DATA

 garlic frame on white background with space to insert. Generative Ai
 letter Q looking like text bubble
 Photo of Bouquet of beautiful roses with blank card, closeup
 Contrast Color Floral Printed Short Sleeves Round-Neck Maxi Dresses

* * *

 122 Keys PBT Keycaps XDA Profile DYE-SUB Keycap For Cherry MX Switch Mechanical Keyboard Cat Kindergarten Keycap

YOUR ASSIGNMENT
Print exactly the lines of the listing above starting at the line containing "garlic frame on" and ending at the line containing "Contrast Color Floral", both included.

SOLVED PROBLEM
 garlic frame on white background with space to insert. Generative Ai
 letter Q looking like text bubble
 Photo of Bouquet of beautiful roses with blank card, closeup
 Contrast Color Floral Printed Short Sleeves Round-Neck Maxi Dresses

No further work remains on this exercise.